Его поездки по армейским учениям, по пасхальной, в дождях стране. В соборах чуть затуманились разноцветные стекла. Острая медь зеленела сквозь летучий сырой туман. Он гнал по прямым автострадам, точным, как прострел, в Европу — в Вену, в Белград, в Дюссельдорф. Навстречу в шипении, в реве хромированных радиаторов мчались «мерседесы» и «форды» к валютным особнякам Балатона. А вдали, за чертой виноградников, вставали шапки разрывов, полигоны дрожали от хода железных колонн… На перекрестке, пропуская туристов, заляпанный грязью, стоял транспортер, мокрый, с хлыстом антенны. Механик в танковом шлеме открыл в нетерпении люк…
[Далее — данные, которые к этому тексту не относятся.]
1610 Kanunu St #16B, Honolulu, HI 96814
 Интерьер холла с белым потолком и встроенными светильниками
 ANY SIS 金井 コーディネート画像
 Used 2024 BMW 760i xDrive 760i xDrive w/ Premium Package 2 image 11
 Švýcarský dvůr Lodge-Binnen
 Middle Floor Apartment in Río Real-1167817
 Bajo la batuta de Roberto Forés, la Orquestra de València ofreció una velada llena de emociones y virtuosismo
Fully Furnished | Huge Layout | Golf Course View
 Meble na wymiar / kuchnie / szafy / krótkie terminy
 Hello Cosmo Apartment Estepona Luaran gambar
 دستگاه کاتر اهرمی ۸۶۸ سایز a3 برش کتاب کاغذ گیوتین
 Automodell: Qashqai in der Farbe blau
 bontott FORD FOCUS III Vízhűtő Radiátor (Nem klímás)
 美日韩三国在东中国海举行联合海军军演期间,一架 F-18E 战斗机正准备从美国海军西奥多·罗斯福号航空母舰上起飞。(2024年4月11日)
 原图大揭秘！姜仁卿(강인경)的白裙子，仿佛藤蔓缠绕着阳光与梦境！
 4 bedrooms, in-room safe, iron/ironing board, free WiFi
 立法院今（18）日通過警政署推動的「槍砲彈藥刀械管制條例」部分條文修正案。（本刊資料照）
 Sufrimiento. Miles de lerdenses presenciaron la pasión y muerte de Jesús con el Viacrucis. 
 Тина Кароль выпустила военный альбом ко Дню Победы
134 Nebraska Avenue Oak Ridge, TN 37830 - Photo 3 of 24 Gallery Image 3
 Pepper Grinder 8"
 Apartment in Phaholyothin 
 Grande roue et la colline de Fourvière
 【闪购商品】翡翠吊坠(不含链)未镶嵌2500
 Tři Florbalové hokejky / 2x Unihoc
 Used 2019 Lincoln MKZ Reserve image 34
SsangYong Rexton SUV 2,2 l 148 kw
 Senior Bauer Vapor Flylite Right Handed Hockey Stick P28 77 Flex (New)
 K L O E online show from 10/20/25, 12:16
— Вы не замерзли? — спросил Ковригин, видя, как на мгновение исчезнув, ее лицо вновь перед пим проступает, уже неясное в сумерках. — Позвольте, я вам куртку свою…
— Мне не холодно, нет. Продолжайте…
Да, да, он хотел продолжать. О сверхнапряжении борьбы…
— Там, на старой брусчатке, каждый камушек блестел в отражении. Гудели колокола на соборах, дождливый пасхальный звон. В гарнизонах им отзывались бессловесные солдатские песни. Одно погружалось в другое, и все тонуло в дожде.
Он испытывал физически, как склепана Европа, в перекрестьях границ, где каждая балка дрожит, принимая давление нагруженного борьбой континента. И нет зазоров и допусков. Отшлифованы, плотно пригнаны бруски государств. И смысл усилий — удержать равновесие конструкции.
Альпы, Апеннины, Арденны — их ветер шуршал в виноградниках. В мокрых сетках антенн бились коды натовских центров. Команды полков бундесвера. Позывные чужих субмарин.
Он работал днем на ландшафте. Лишь к ночи, измызганный, с сырыми ногами, возвращался в Будапешт. И всегда начинался дождь. Вспыхивали табло автострад. Сердце начинало болеть, и из тьмы и гудения ветра было внезапно, как взрыв: огненный спектр Ракоци, крутящееся в черноте разноцветье, ртутное течение улиц. Машина неслась в тончайшей пленке огня. И мысль: мое «я», ночной Будапешт…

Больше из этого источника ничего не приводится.